You can schedule your Ansible playbooks to run at set times tool like cron for Linux or Task Scheduler for Windows or you can use something like Ansible Semaphore. Here’s an example of a cron entry that runs a playbook at 2 AM every Sunday:

0 2  0 /usr/bin/ansible-playbook -i /path/to/inventory.ini /path/to/patch_playbook.yml

Remember to replace the paths with the actual locations of your inventory file and patch playbook.

1. Make sure of update status

Gathering info about installed packages and their versions can help you verify that your systems are up-to-date. For example, on a Linux system using the apt module, you could use the following task:

- name: Get the list of installed packages and their versions
  apt:
    list: installed
  register: apt_packages

Then, you can use the debug module to display the list of installed packages and their versions:

- name: Display installed packages and their versions
  debug:
    var: apt_packages.stdout_lines

1. Can I use Ansible to apply patches only to specific systems or packages?

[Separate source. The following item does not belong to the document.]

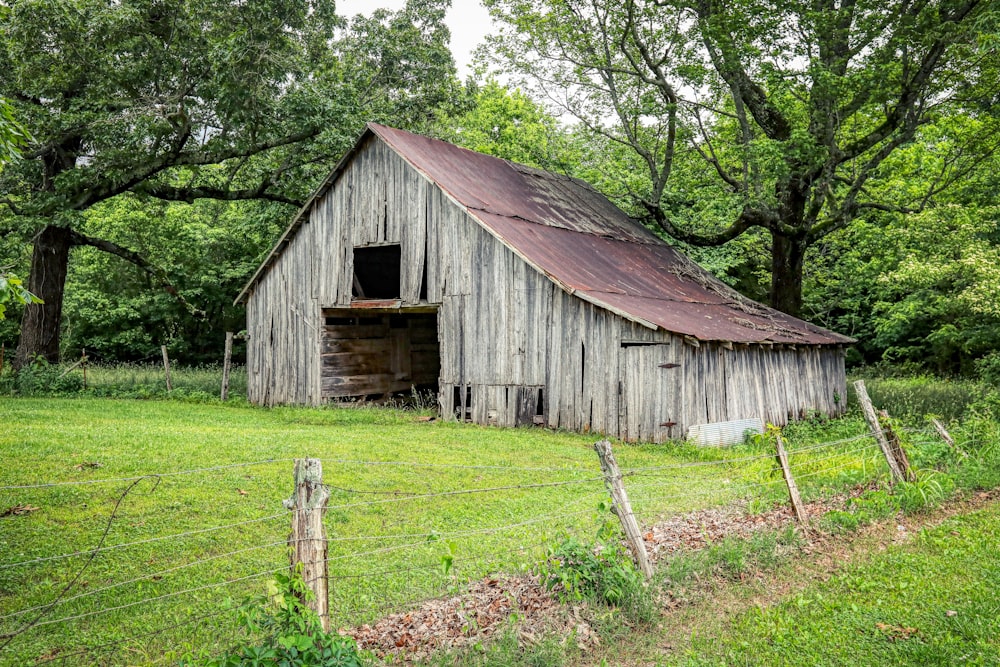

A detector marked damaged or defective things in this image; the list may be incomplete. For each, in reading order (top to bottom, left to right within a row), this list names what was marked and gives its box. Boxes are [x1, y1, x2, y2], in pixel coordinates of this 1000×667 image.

rusty metal roof [240, 122, 852, 348]
rusty metal roof [372, 123, 856, 350]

Yes, you can use Ansible to patch specific systems or packages selectively. To target specific systems, you can define groups in your inventory file and then specify the group name in the hosts field of your playbook. For example:

[web_servers]
web1.example.com
web2.example.com

In your playbook, use hosts: web_servers to apply the patch only to the systems in the web_servers group.

To apply patches only to specific packages, you can modify the name parameter in the appropriate Ansible module (e.g., yum, apt, or win_updates). For instance, using the apt module, you could update only the ‘nginx’ package by setting name: nginx:

- name: Update the nginx package
  apt:
    name: nginx
    state: latest
    force_apt_get: yes

• Ansible Docker Container Management Playbooks
• Ansible Manage Windows Servers Examples Guide
• Bootstrap Windows Server Configuration with Ansible Playbooks
• Update VMware ESXi Hosts with Ansible
• Manage and Configure Windows Servers with Ansible Tower

Wrapping up

Ansible software patching is a great way to keep your critical systems or home lab servers up-to-date. It streamlines this process and takes the possibilities of errors or just simply missing things out of the question. It is a great skill and tool to learn.